12th Mar 2019 11:02
LONDON (Alliance News) - Metals exploration and development company Greatland Gold PLC on Tuesday said it had signed a USD65 million farm-in agreement for the Havieron gold-copper project in Western Australia.
Shares in Greatland Gold were up 19% at 2.19 pence in London on Tuesday.
The agreement was signed with Newcrest Operations, a wholly-owned subsidiary of Sydney-listed Newcrest Mining Ltd, and includes joint venture and tolling principles.
The intention is that, provided the exploration programme succeeds and the feasibility study is positive, ore from the Havieron joint venture will be toll processed at Newcrest's Telfer gold mine.
Newcrest has the right to acquire up to a 70% interest in 12 blocks that cover the Havieron target, known as the Tenement blocks, by spending up to USD65 million and completing a number of exploration and development milestones over a six-year period.
There are four stages to the farm-in, the first being for Newcrest to incur a USD10 million expense in a 12 month period.

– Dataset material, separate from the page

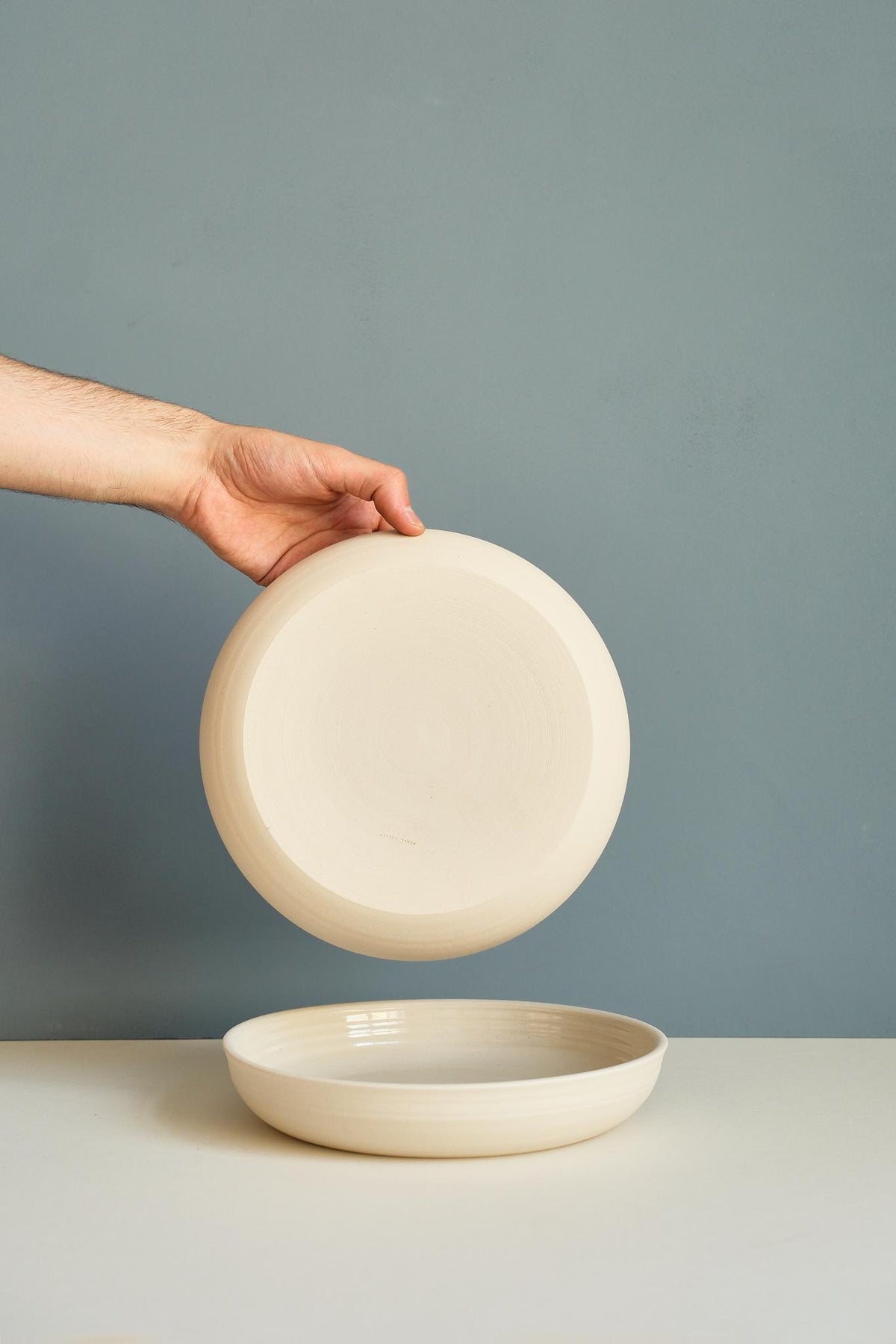 Ivory Pasta Bowl by Andrea Roman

This is to be followed by another USD10 million for another 12 months in stage two. Once stages one and two are complete, Newcrest's interest in Havieron will be 40%.

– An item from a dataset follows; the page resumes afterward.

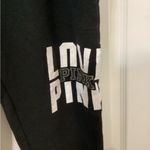 Victoria's Secret  Black Joggers with White Logo Photo 1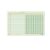 Hoja tabular 8 columnas / Block con 50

Stage three involves Newcrest spending a further USD25 million and delivering a pre-feasibility study in the 24 months following the completion of stage two. This will grant Newcrest another 20% interest and will take its total farm-in interest to 60%.
Finally, in stage four, Newcrest must complete and deliver - or else incur no less than USD20 million of expense in the production of - a feasibility study for Havieron in two years to earn another 10% and take its interest to 70%.

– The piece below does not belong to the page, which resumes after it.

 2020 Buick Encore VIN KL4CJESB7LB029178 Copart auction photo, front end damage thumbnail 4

Once Newcrest has met the milestones within the four-stage farm-in, it has the option to acquire another 5% interest at fair market value, which would take its Havieron interest to 75%.
At a minimum, Newcrest must spend at least USD5 million on Havieron within 12 months of the farm-in commencing.
Greatland Gold Chief Executive Gervaise Heddle said: "We believe that this deal represents a win-win for both parties due to the potential for significantly reduced capital costs and increased efficiency resulting from ore being toll processed at Newcrest's nearby Telfer mine. Moreover, Newcrest's expertise should help fast track Havieron through to a completed feasibility study and, subject to positive outcomes, into production and positive cash flow."
Throughout the farm-in period, Newcrest has first right of refusal over the Black Hills and Paterson Range East licences. Newcrest also will have first right of refusal over blocks within the Havieron licence, aside from the Tenement blocks, both during the farm-out and throughout the duration of the joint venture.